[Opening RAW DATA section]

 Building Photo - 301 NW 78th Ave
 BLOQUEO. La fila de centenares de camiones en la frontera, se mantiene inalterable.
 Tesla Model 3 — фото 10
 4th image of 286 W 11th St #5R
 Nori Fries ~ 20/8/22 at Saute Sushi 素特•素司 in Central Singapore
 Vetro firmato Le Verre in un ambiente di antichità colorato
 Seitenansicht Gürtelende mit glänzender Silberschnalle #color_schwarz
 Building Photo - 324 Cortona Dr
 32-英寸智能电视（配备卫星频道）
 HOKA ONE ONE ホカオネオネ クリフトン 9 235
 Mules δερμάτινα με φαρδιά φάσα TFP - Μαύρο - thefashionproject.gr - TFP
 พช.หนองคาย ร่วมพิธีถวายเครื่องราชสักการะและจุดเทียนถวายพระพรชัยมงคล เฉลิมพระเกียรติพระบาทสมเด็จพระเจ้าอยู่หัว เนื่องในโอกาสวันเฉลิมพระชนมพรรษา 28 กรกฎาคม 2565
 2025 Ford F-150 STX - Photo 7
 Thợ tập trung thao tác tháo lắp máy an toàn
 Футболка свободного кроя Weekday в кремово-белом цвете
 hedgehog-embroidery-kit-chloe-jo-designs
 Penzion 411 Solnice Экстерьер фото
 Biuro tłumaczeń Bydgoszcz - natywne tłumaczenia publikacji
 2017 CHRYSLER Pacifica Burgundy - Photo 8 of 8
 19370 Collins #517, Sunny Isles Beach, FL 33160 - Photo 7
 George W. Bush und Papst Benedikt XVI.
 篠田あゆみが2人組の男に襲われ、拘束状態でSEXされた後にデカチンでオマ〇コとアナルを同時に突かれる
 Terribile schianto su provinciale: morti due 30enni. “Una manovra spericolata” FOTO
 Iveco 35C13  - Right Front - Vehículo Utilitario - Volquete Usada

[Closing RAW DATA section]

When a line in the listing has the string "фото" in it, return that line.

 Tesla Model 3 — фото 10
 Penzion 411 Solnice Экстерьер фото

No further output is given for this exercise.